本気子の部屋

短歌、回文、日常を綴ります。

藤木大地さんのこと

 10月19日に公開される村上春樹さん原作の映画「ハナレイ・ベイ」の主題歌を、カウンターテナーの藤木大地さんが歌われることと、10月24日にその主題歌であるマルティーニ作曲「愛の喜びは-Plaisir d'amour-」が収録された『愛の喜びは』というアルバムでメジャーデビューされることが発表されて、とても喜んでいる。

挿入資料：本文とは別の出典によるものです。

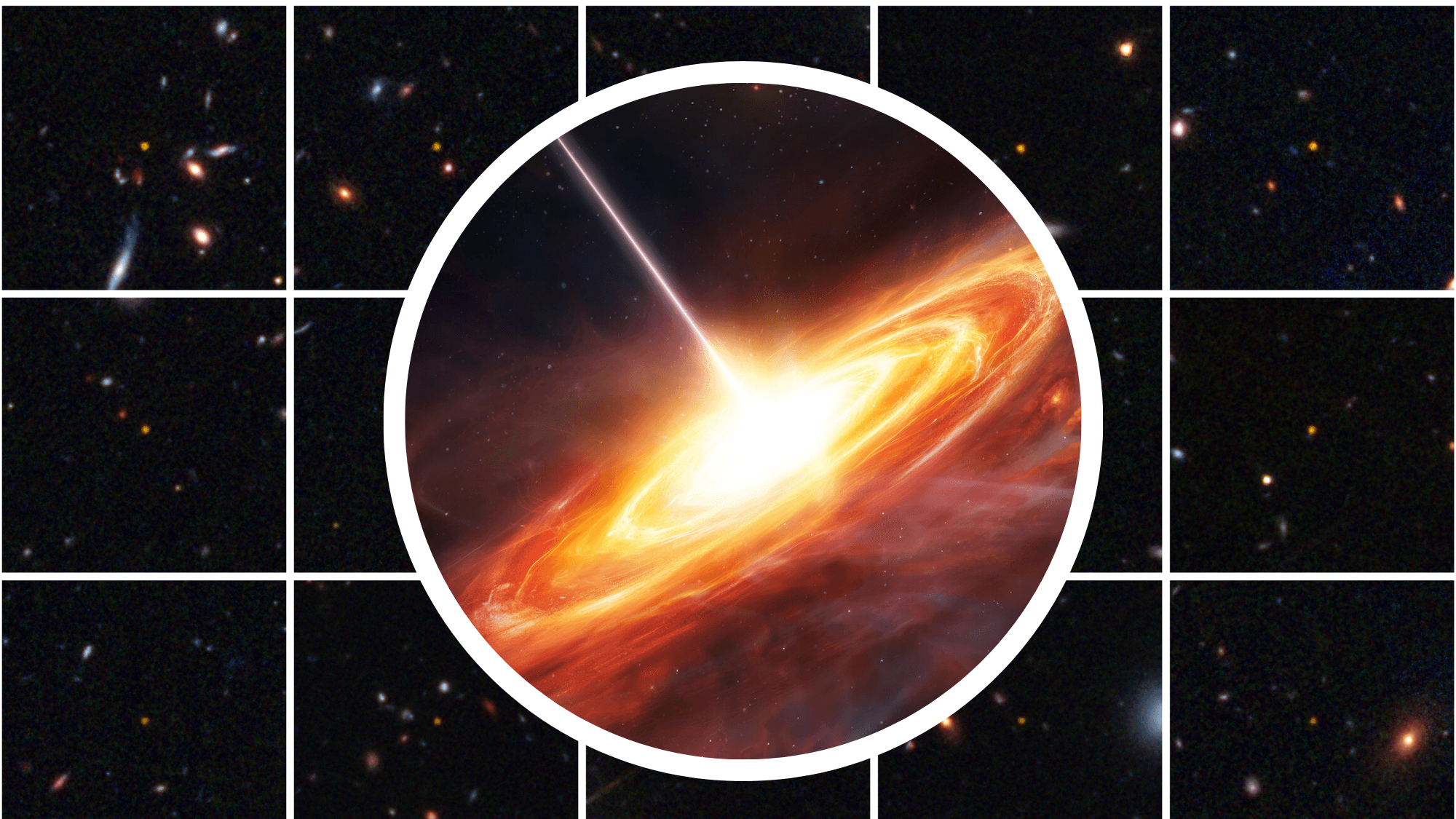 Oldest quasar discovered, dating to universe's first billion years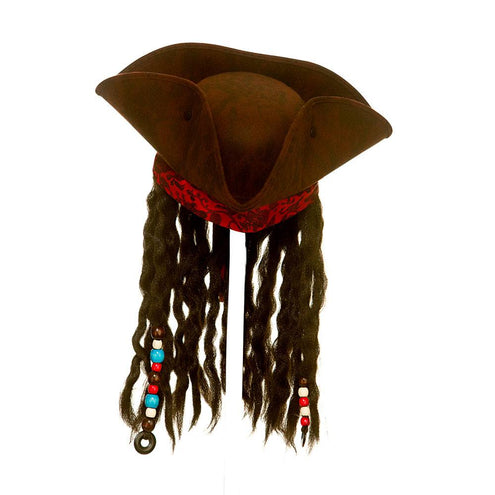 Wicked Costumes Piraten hoed met dreadlocks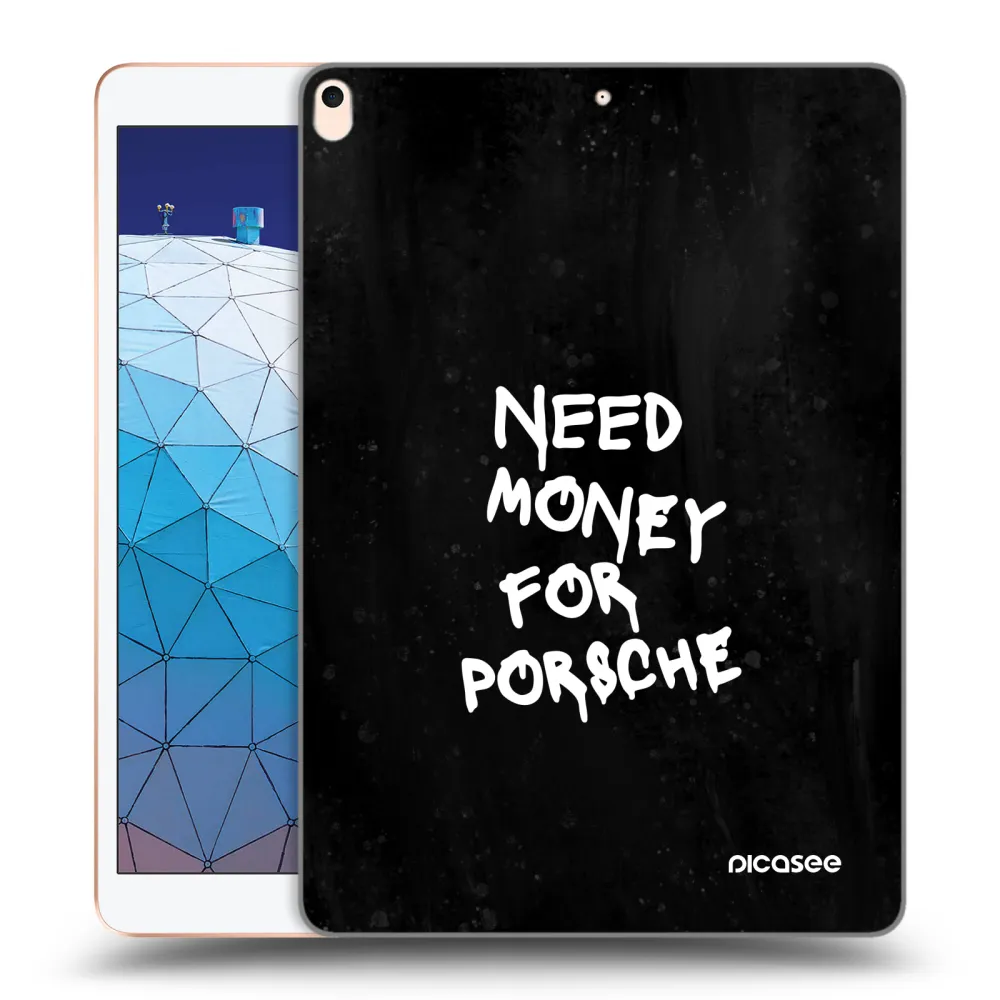Picasee silikonový průhledný obal pro Apple iPad Air 10.5" 2019 (3.gen) - Black Dollar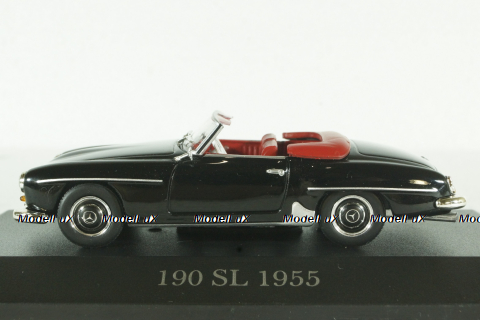 Mercedes 190SL, (R121), 1955 black, Altaya 1:43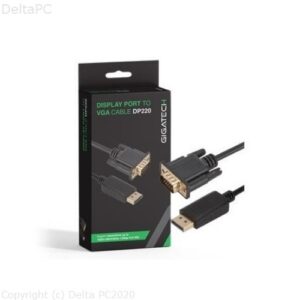 Kabel Gigatech Display Port na VGA 2m, Full HD DP220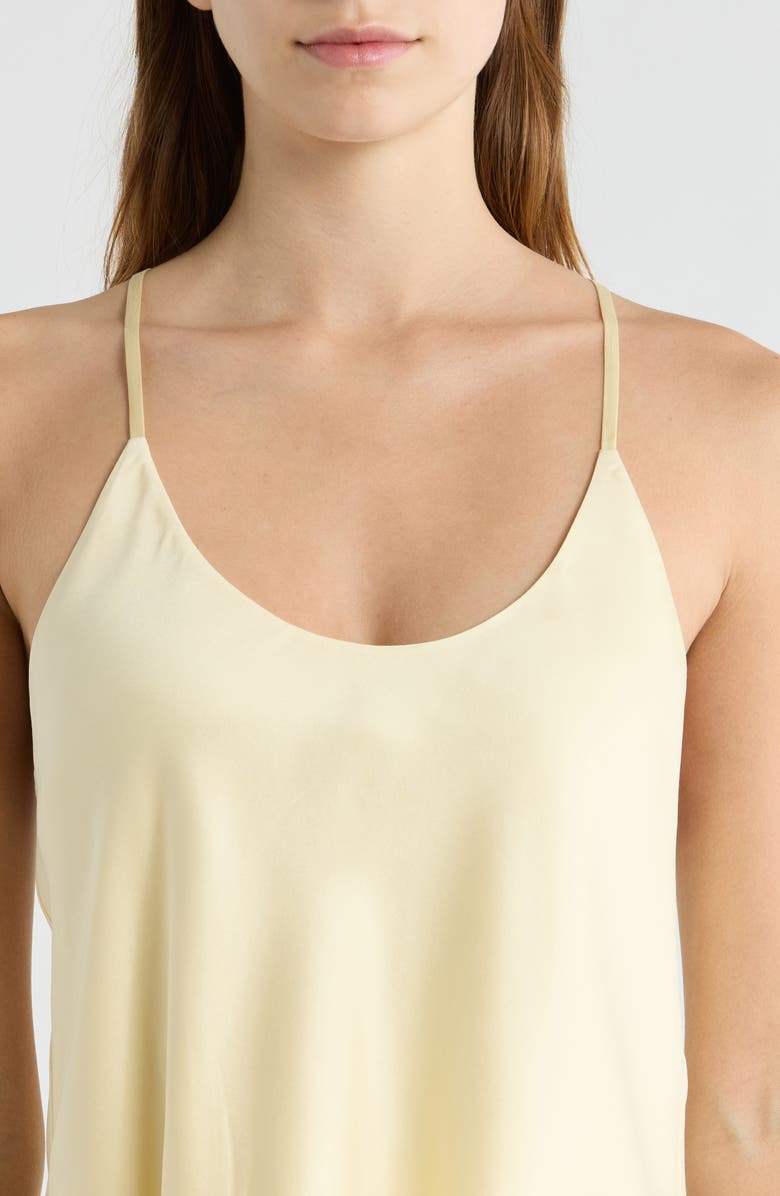 Lunya Washable Silk Bias Cut Cami Pajamas, Alternate, color, French Butter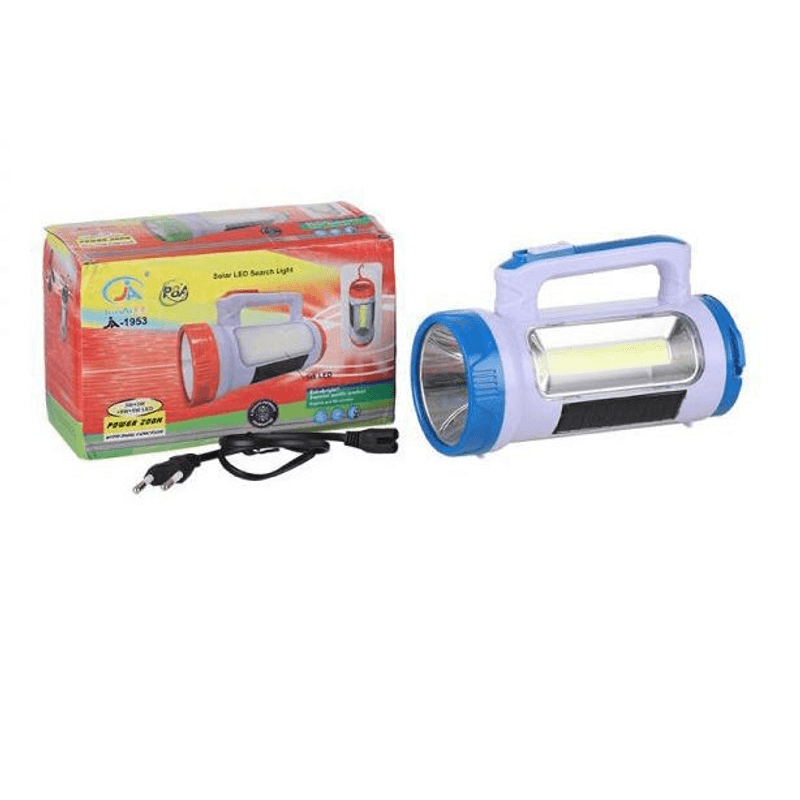Casa si Gradina - Corpuri si surse de iluminat - Iluminat exterior - Lanterne - Lanterna de mana LED JA1953 reincarcabila cu functie de Powerbank 20W - Infinity.ro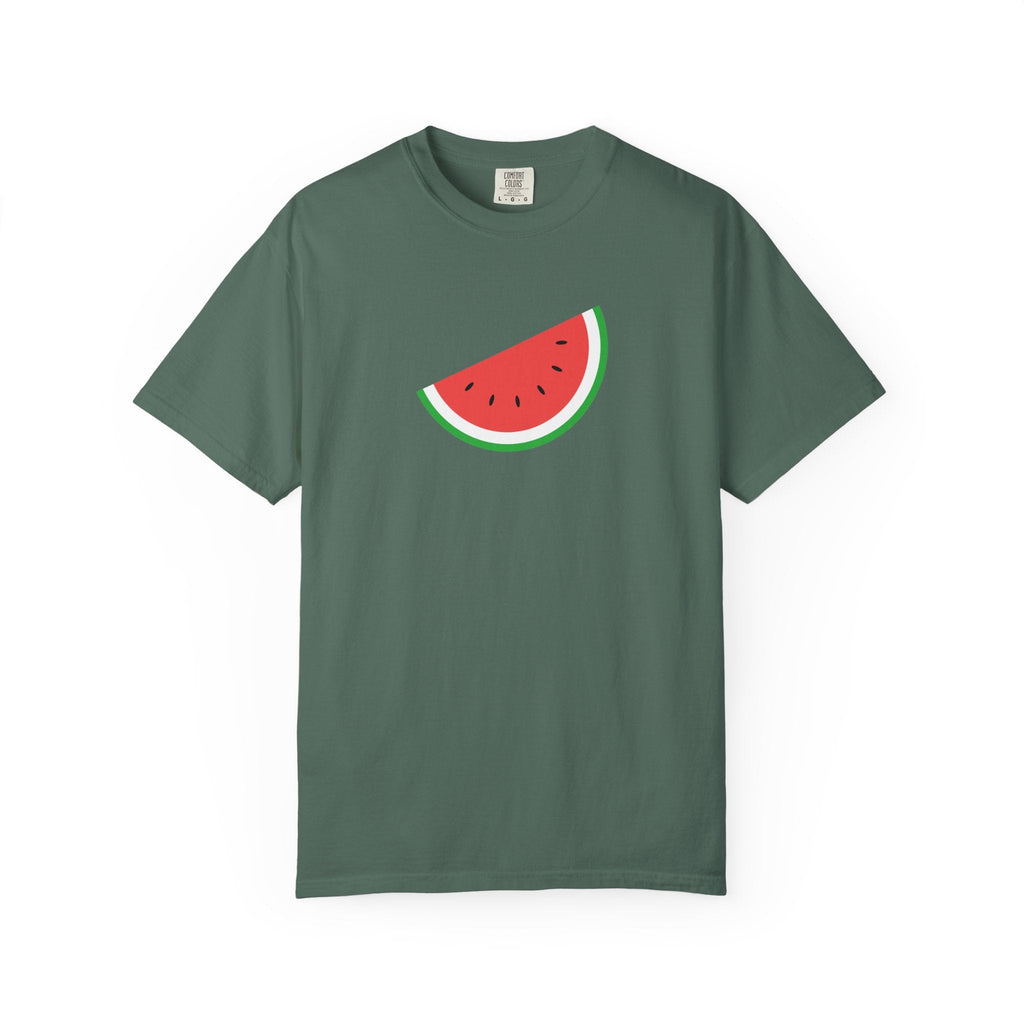 Palestine Freedom Melon Slice Unisex T-Shirt - Blue Spruce / S
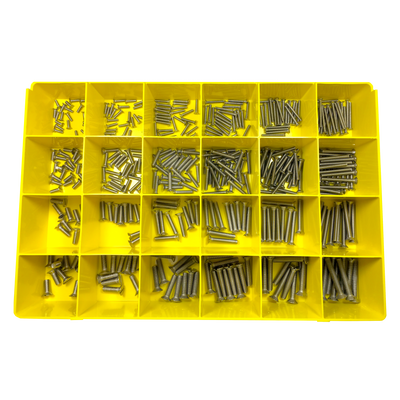 Porsche 963 Metric Countersunk Flat Slot Machine Screws Assortment A2 963A2ASST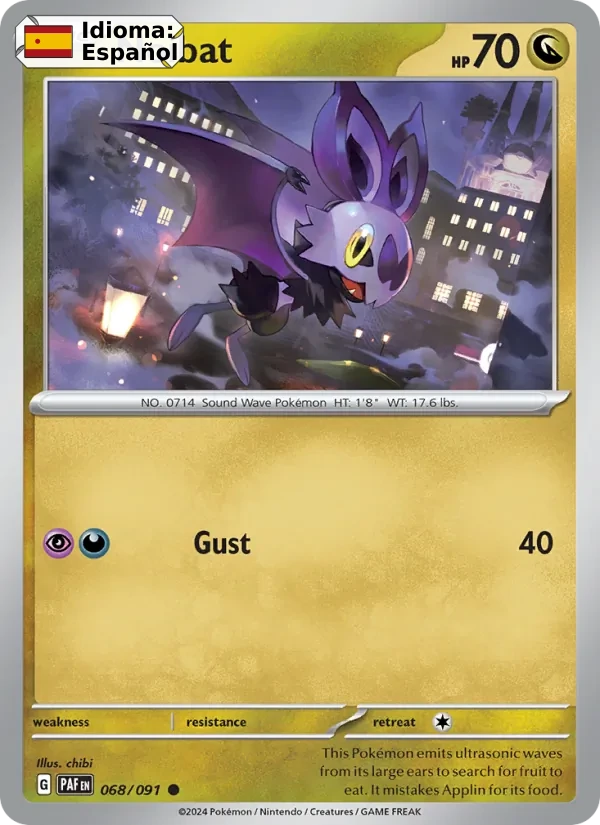 Noibat (068) — Paldean Fates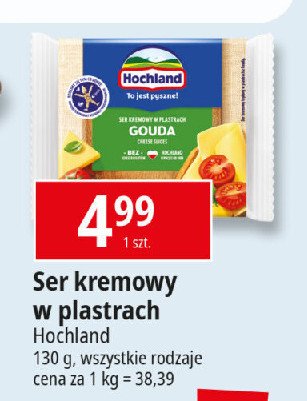 Ser topiony gouda Hochland promocja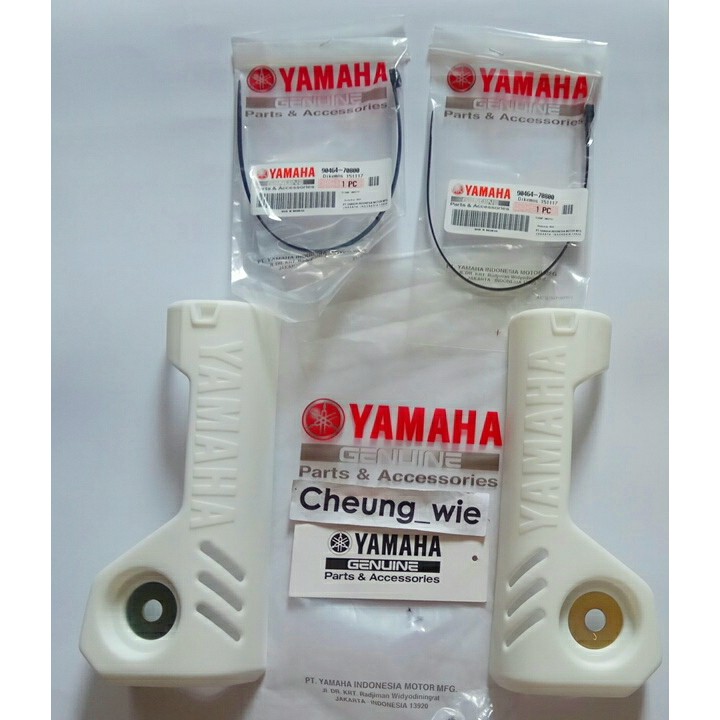 BY8-F31B0-00 Fork Cap Cover Kit/ Cover Shock Depan Yamaha XRide 125 ori Yamaha Acc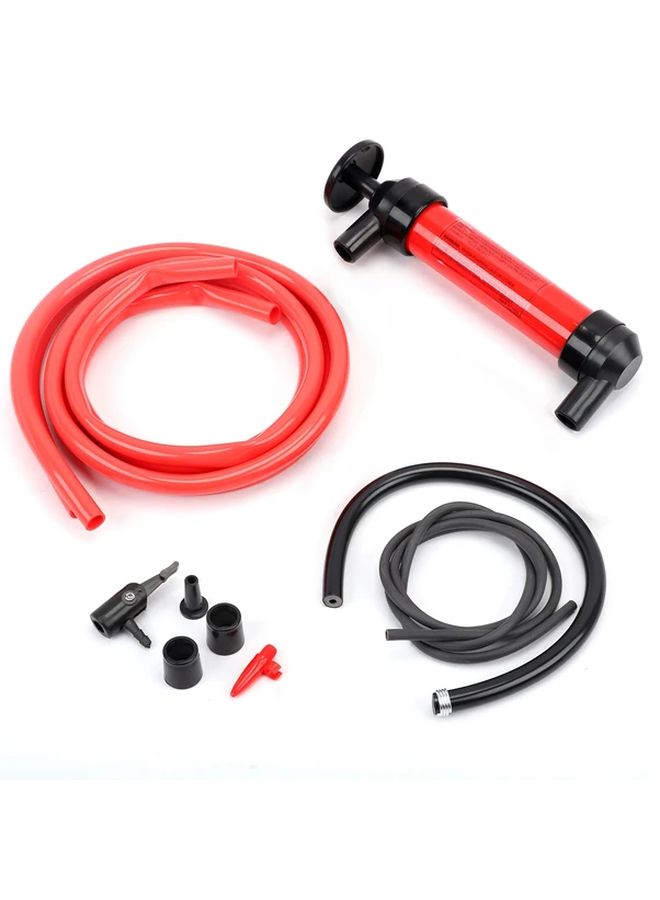 9 Pcs Oil Extractor Multifunctional Suction Pump Set For Gasoline Oil And Liquid Transfer Manual Fuel Siphoning Emergency - Image 1
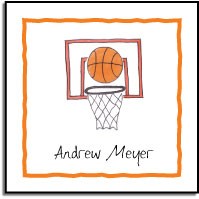 personalized stickers  basketball star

 というのも、私は、藤木大地さんが高校生で、まだ、テノールだった頃からのファンであり、藤木さんの高校の2学年後輩であり当時は指揮者を目指して勉強していた私の弟が、とてもお世話になったからだ。

 弟の通っていた高校は県立の進学校で、音楽科があるような学校ではなかった。特に、藤木さんは、文科情報科という特進クラスにいらしたので、勉強もそうとうハードな中での東京藝術大学受験だったと思う。昼休みの音楽室で、同じ大学を目指す弟に藤木さんはとても優しく接してくださったという。

 藤木さんは、その類いまれなる才能と努力で現役で東京藝術大学の声楽科に合格されたのだけど、その後も、弟の受験に力を貸してくださった。夏休みに、私立の音楽大学セミナーを受講するために上京した弟に、ごはんをごちそうしてくださったり、ご自分の周りの音楽科の友人や先輩などと弟を引き合わせてくださったり、ご自宅のピアノを弟の練習のために貸してくださったり。

 私は、藤木さんにお礼のお手紙を出した。すると、顔も声も美しい人は、文字までこんなに美しいのか!と驚くような、硬筆の先生のお手本のような柔らかく美しい文字で綴られたお返事が届いた。

 藤木さんが東京藝術大学を卒業されて、国立オペラ研修所に入られた時も、オペラを拝見するためにチケットを取っていただいたりした。藤木さんは筆まめな方で、旅先のウィーンから絵葉書をくださったこともあり、それは宝物として今でも大切にしている。

 弟が音楽の道を断念してからはご連絡はしていないのだけど、藤木さんが高校時代からずっとどんなに真剣に研鑽を積まれてきたのか、その中で関わる人ひとりひとりをいかに大切にされてきたのかは、藤木さんと交流をしたことのあるひとりとして想像できるので、彼が、こうして、日本を代表する世界的なカウンターテナーになられたことは涙が出るほど嬉しい。

 これから、ますますご活躍されると思うけれど、藤木さんは歌声も最高だけど、人柄が本当に素晴らしい方なんだよというのは、これから藤木大地さんを知る人みんなに伝えてゆきたいことである。